WORK INSTRUCTION: Only the text carries over: repeat the records exactly and drop the images.

PROVIDED DATA:

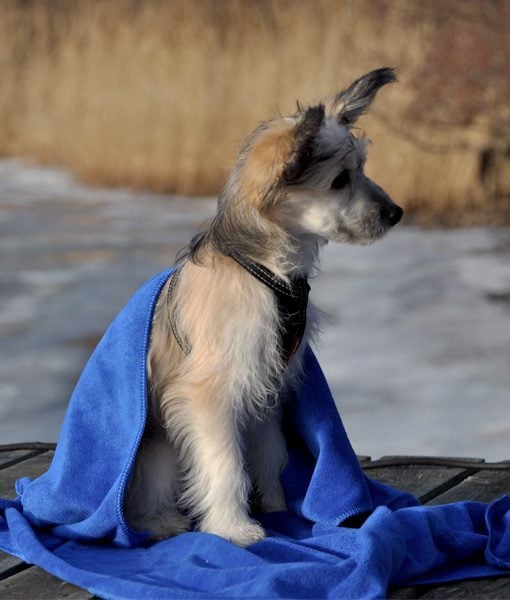 Petz Håndkle i microfiber for hund - Bilde 2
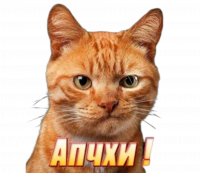 АПЧХИ, 48 из г. Балашиха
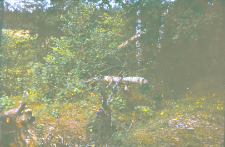 Cięcie bobrów na Kanale Augustowskim koło wsi Mikaszówka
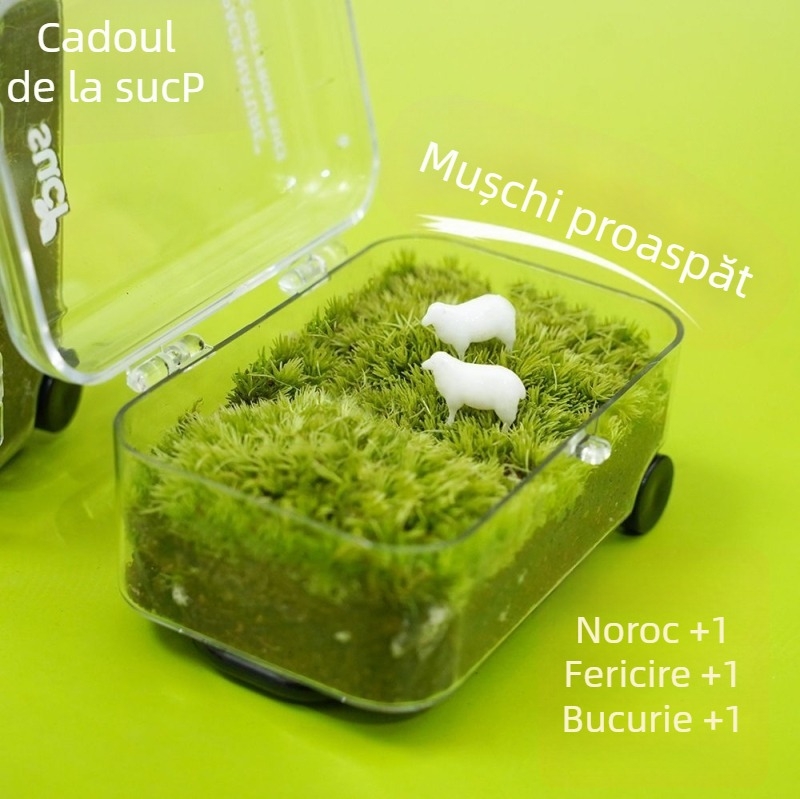 Micro-peisaj cu mușchi în sticluță ecologică – Plantă verde, ușor de întreținut, cadouri de afaceri, fără import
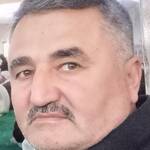 Aslan Çam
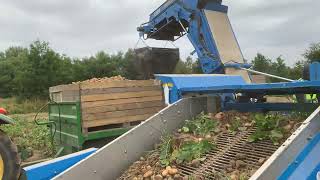 Standen QM Potato Harvester [upl. by Abeu]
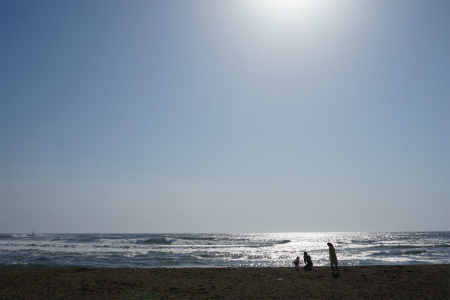 a0027641_5432224.jpg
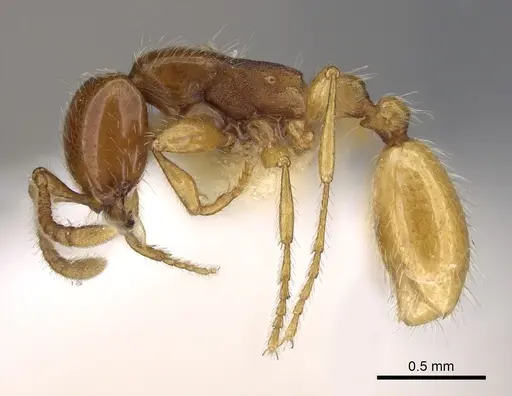 Aenictus hitai specimen NHMUK012849306 image nhmuk012849306_3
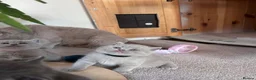 British Shorthair cats for sale: Tica registered British Shorthair Kittens  - Advert 5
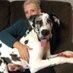 Stephanie whitcomb (@stephaniewhitc2) Twitter profile photo Stephanie whitcomb (@stephaniewhitc2) Twitter profile photo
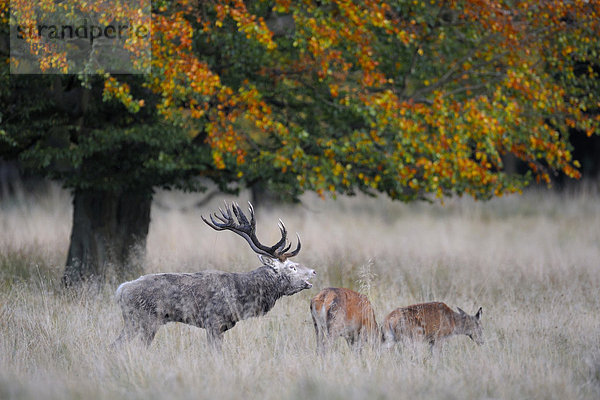 Rothirsch (Cervus elaphus)  Brunfthirsch mit Kahlwild  röhrend  weiße Morphe  Jägersborg  Dänemark  Skandinavien  Europa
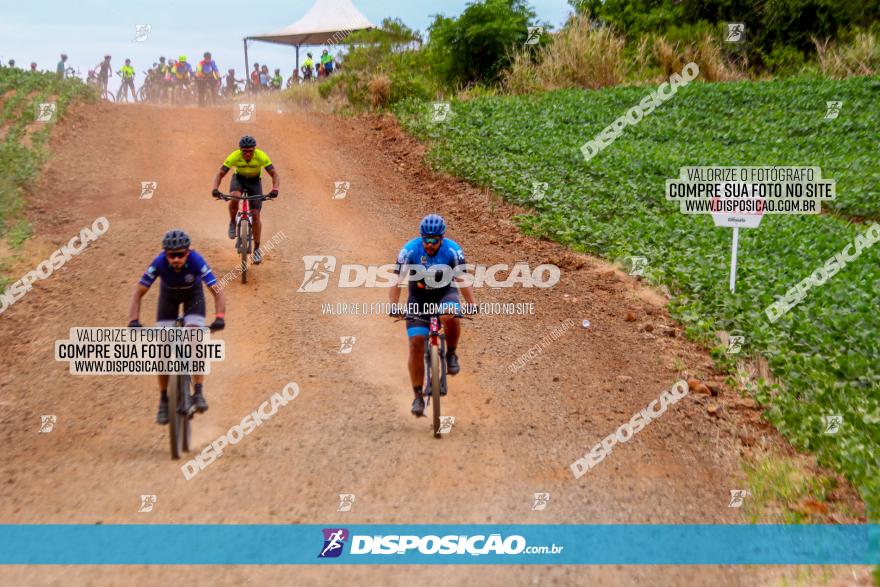 Circuito Jandaia 2021 - Edição Especial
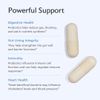 Advanced Synbiotic - Probiotic + Prebiotic - 14 Billion CFU Delayed Release P...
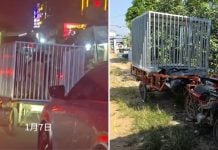 person transported cage cambodia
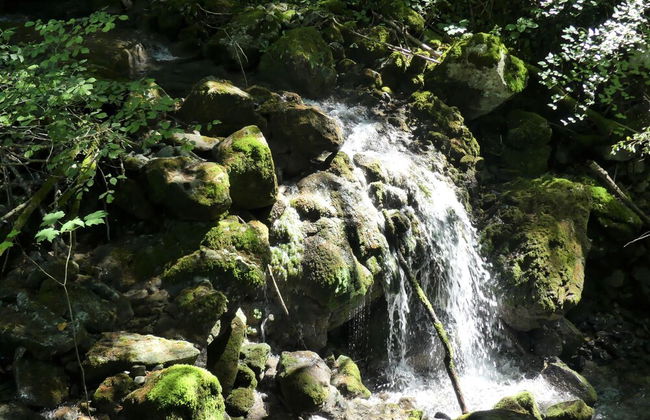 House By The Stream - Foto 19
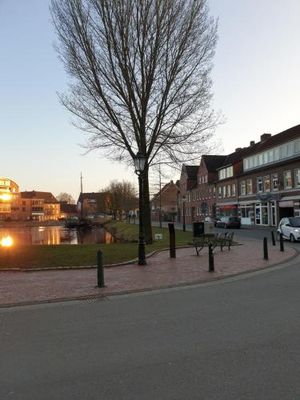 Image of Calici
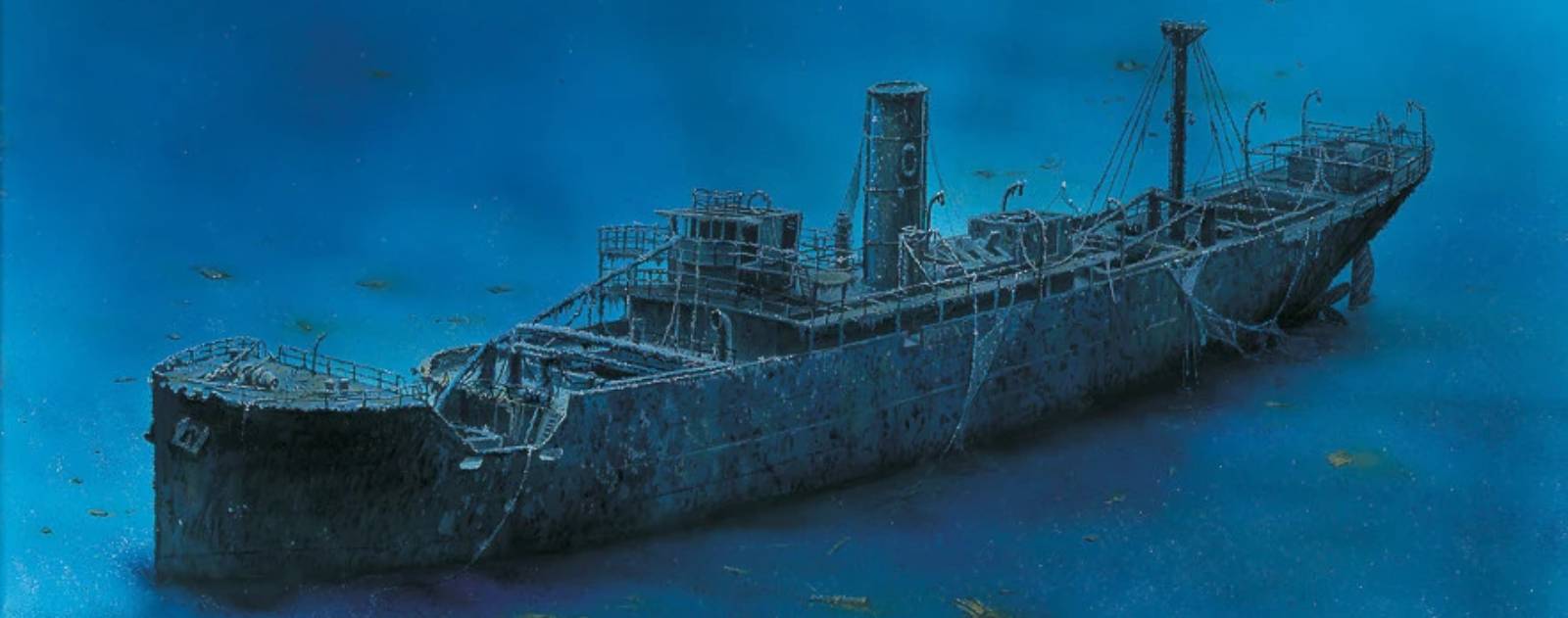 wreck_vis_01.jpg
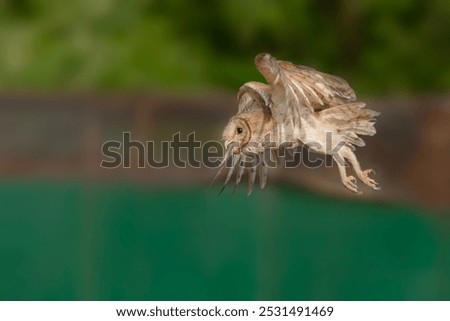 The barn owl is the most widely distributed species of owl in the world and one of the most widespread of all species of birds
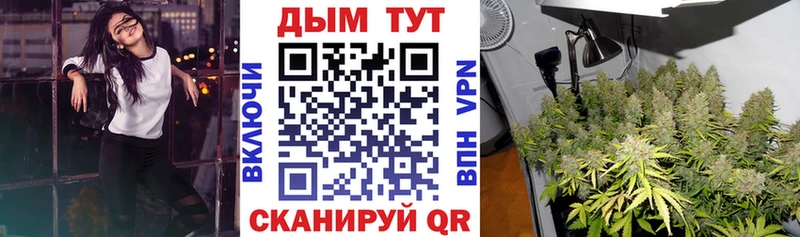 Бошки марихуана тримм Бородино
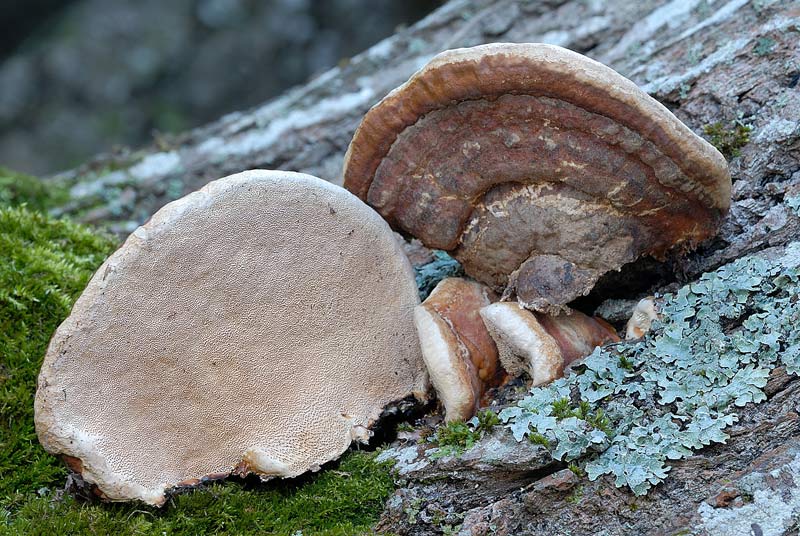 Ulteriore aiuto (Fomitopsis pinicola)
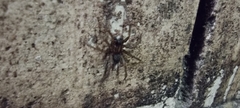 Lycosoides coarctata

RESPONSE BELOW:
 Petz Håndkle i microfiber for hund - Bilde 2
 АПЧХИ, 48 из г. Балашиха
 Cięcie bobrów na Kanale Augustowskim koło wsi Mikaszówka
 Micro-peisaj cu mușchi în sticluță ecologică – Plantă verde, ușor de întreținut, cadouri de afaceri, fără import
 Aslan Çam
 Standen QM Potato Harvester [upl. by Abeu]
 a0027641_5432224.jpg
 Aenictus hitai specimen NHMUK012849306 image nhmuk012849306_3
 British Shorthair cats for sale: Tica registered British Shorthair Kittens  - Advert 5
 Stephanie whitcomb (@stephaniewhitc2) Twitter profile photo Stephanie whitcomb (@stephaniewhitc2) Twitter profile photo
 Rothirsch (Cervus elaphus)  Brunfthirsch mit Kahlwild  röhrend  weiße Morphe  Jägersborg  Dänemark  Skandinavien  Europa
 Circuito Jandaia 2021 - Edição Especial
 Advanced Synbiotic - Probiotic + Prebiotic - 14 Billion CFU Delayed Release P...
 person transported cage cambodia
 House By The Stream - Foto 19
 Image of Calici
 wreck_vis_01.jpg
 The barn owl is the most widely distributed species of owl in the world and one of the most widespread of all species of birds
 Бошки марихуана тримм Бородино
 Ulteriore aiuto (Fomitopsis pinicola)
 Lycosoides coarctata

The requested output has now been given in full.